Because of America's system of government. It is founded (as in the foundation of America) upon liberty, and mankind's God-given rights (as in inalienable). What you are referring to as "law" is actually a statute which was passed by a legislature whose powers and authorities only extend to matters "which concern all the members of the republic, but which are not to be attained by the separate provisions of any". They exist for two purposes, to govern the foreign entities who have been granted certain privileges in relation to America, and as a code of conduct for the members of the government itself, which is why it is often referred to as "code" (statutory code, United States code, Internal Revenue code, etc.).

Actual law in America is what a legal court decrees when a statute is tested through trial. It is situation-dependent and relies on the plaintiff's ability to prove the statute is law in each particular case. Because of this, what may be found to be "law" for one person or group of people, may not be so for any other.

The key is Liberty. The right to be free from government interference (look it up). Americans, are guaranteed liberty. Any statute written, which appears to apply to everyone, must be read in light of that fact. So, where the legislature has authority to write statutes, they do not have the right to subject American Citizens to that statute. In other words, they (statutes) only apply to people under the direct authority of the legislature; civilians and foreigners.

No, not all of us are civilians. Remember, America's government is divided into three separate parts, two parts civil (legislature, and judicial), and one part militant (executive). A civilian is a member of the civil government, officers (elected officeholders), delegates, agents, employees, and so on. Most of us (Americans) are citizens.

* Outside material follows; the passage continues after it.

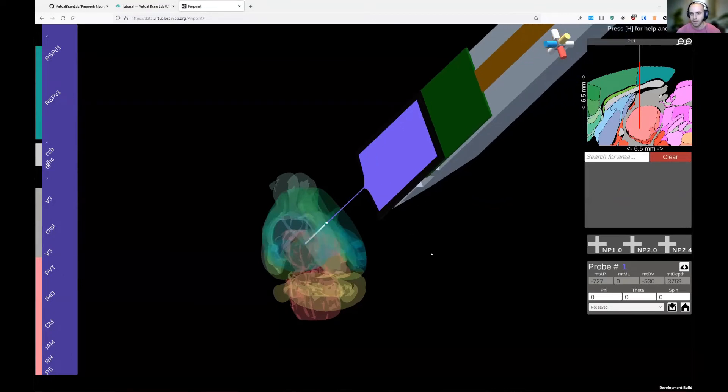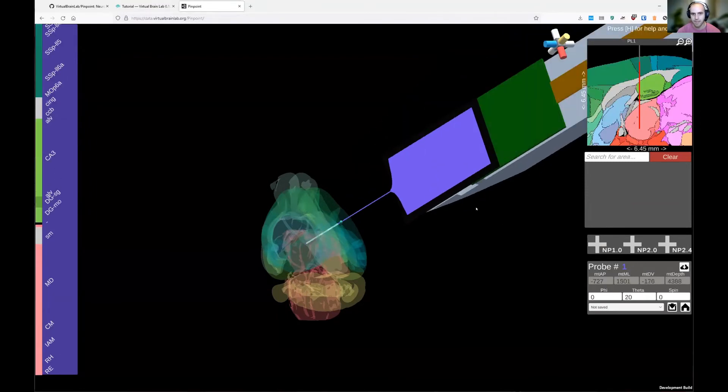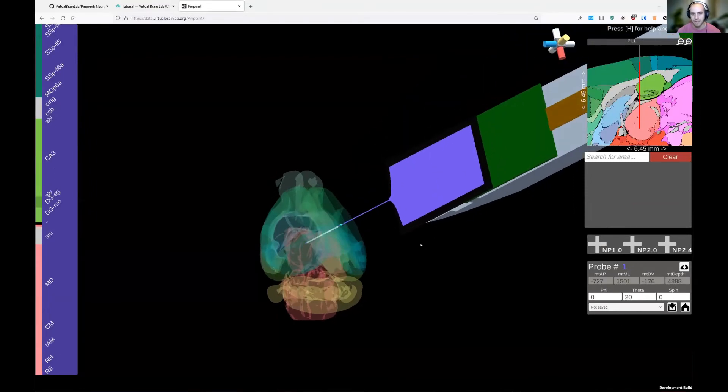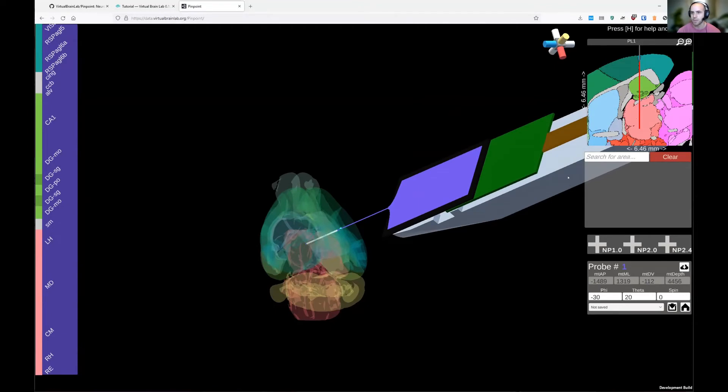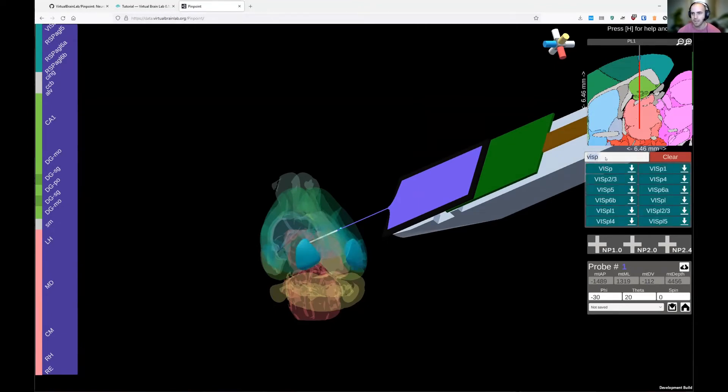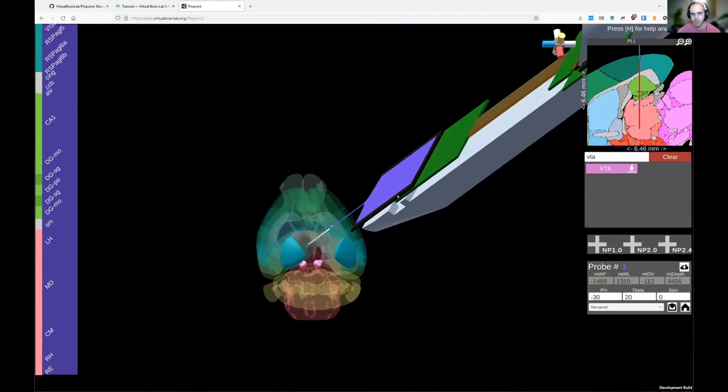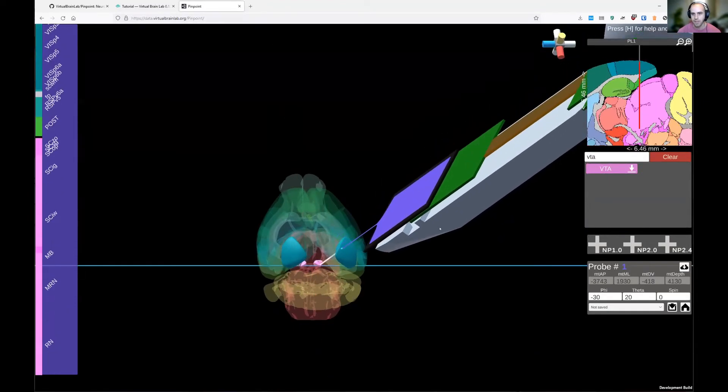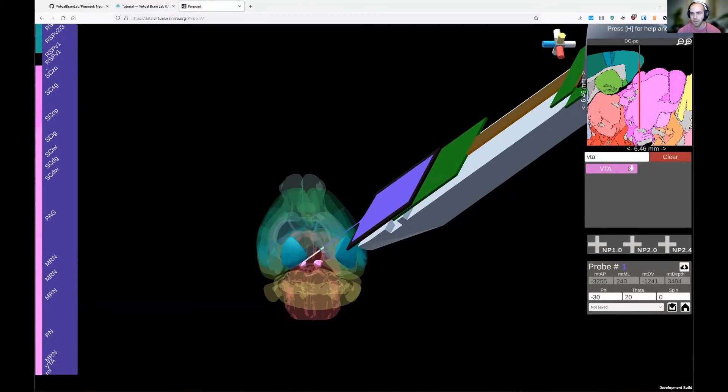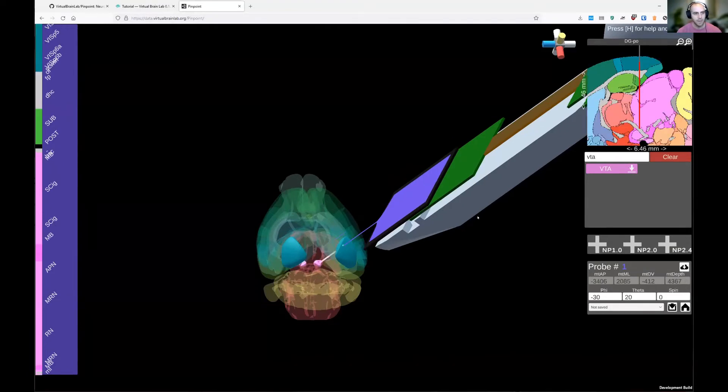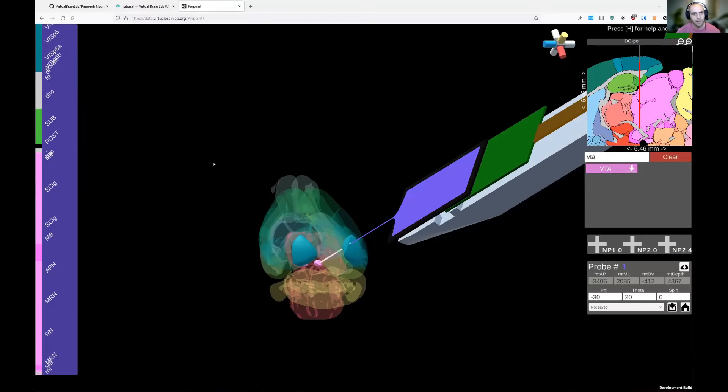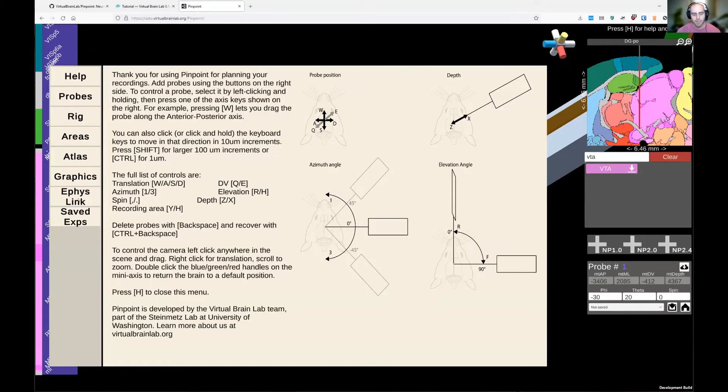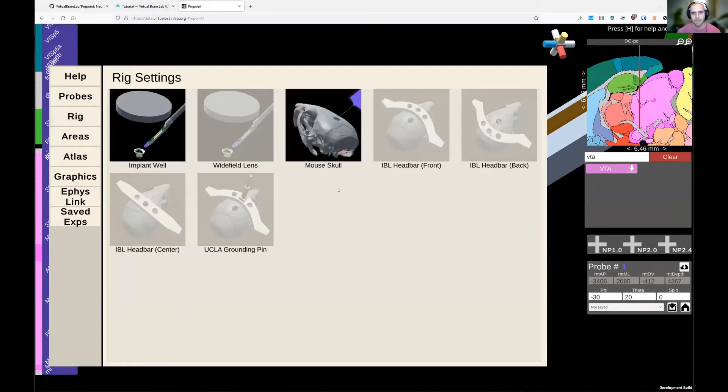Right now I'm clicking the W key to move along the AP axis. And then I'm going to drop the probe in the brain with the Z axis. Pinpoint interpolates along the probe to show you where you are and shows you this in-plane slice on the side to give you context for where you are in the brain. I think one of the nice things about Pinpoint is that it's fast and easy to move this probe around and explore different trajectories.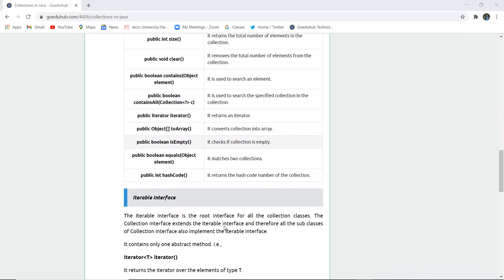The Iterable interface is the root interface of all collection classes. The Collection interface extends the Iterable interface, and therefore all subclasses of Collection interface also implement the Iterable interface.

Furthermore, a statute cannot be enforced. Only law (judgment of the court) can be enforced. Hence the phrase "innocent until proven guilty". And even then, only by a legal law enforcement officer. As the title suggests, enforcement "officers" are duly elected individuals empowered to enforce the law (decree, warrant). Ever seen a traffic ticket? Tickets are not law either, in fact, they are just summonses to appear in court and are themselves governed by statute.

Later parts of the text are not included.